### Source material
+ + + + + + +

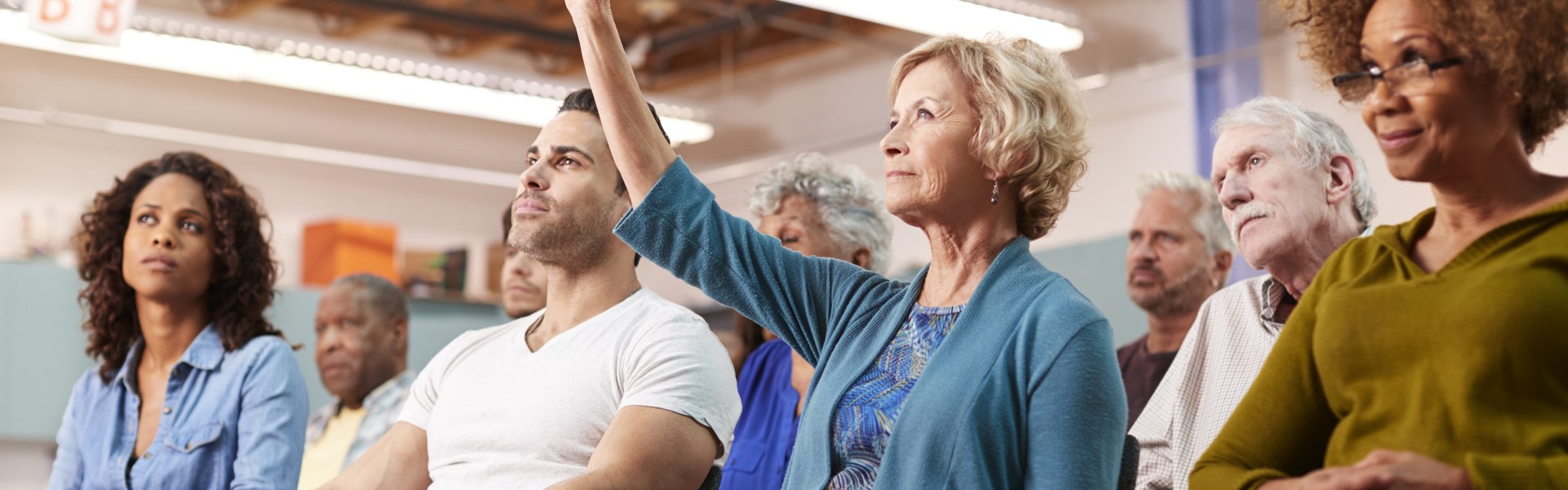 Woman Asking Question At Neighborhood Meeting In Community Center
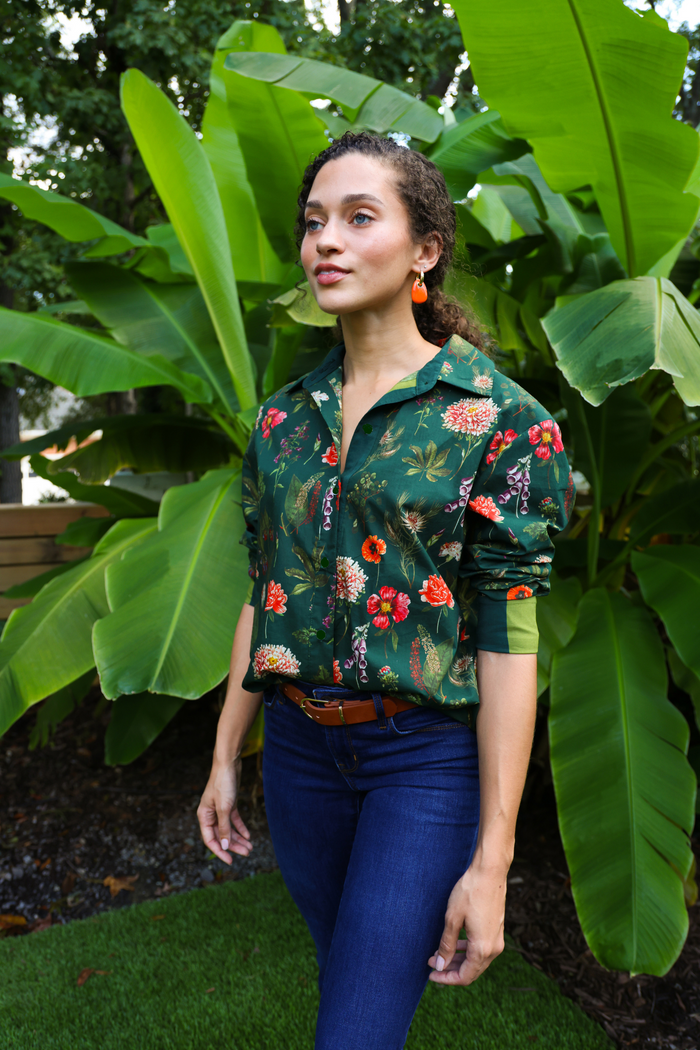 Green button-down shirt with red and pink floral print, short sleeves, worn with dark jeans.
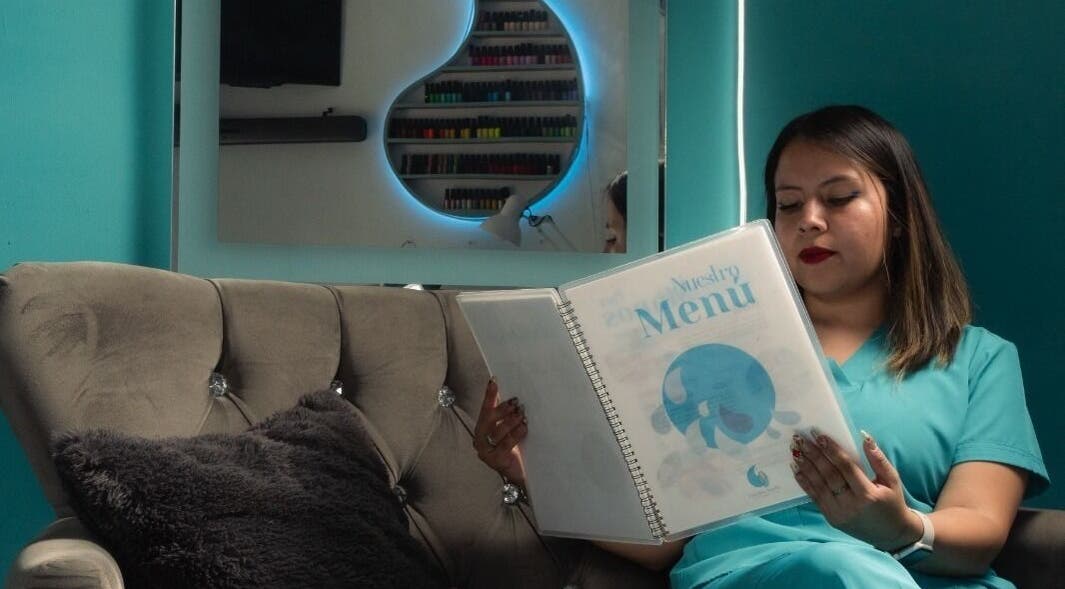 Profesional leyendo menú en Gotita Studio, Ciudad De México, MX, junto a un sillón cómodo.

+ + + + + + +

### Directions for this task
In your copy of the listing, please omit the pictures and keep every word exact.

### Response box
 Woman Asking Question At Neighborhood Meeting In Community Center
 Green button-down shirt with red and pink floral print, short sleeves, worn with dark jeans.
 Profesional leyendo menú en Gotita Studio, Ciudad De México, MX, junto a un sillón cómodo.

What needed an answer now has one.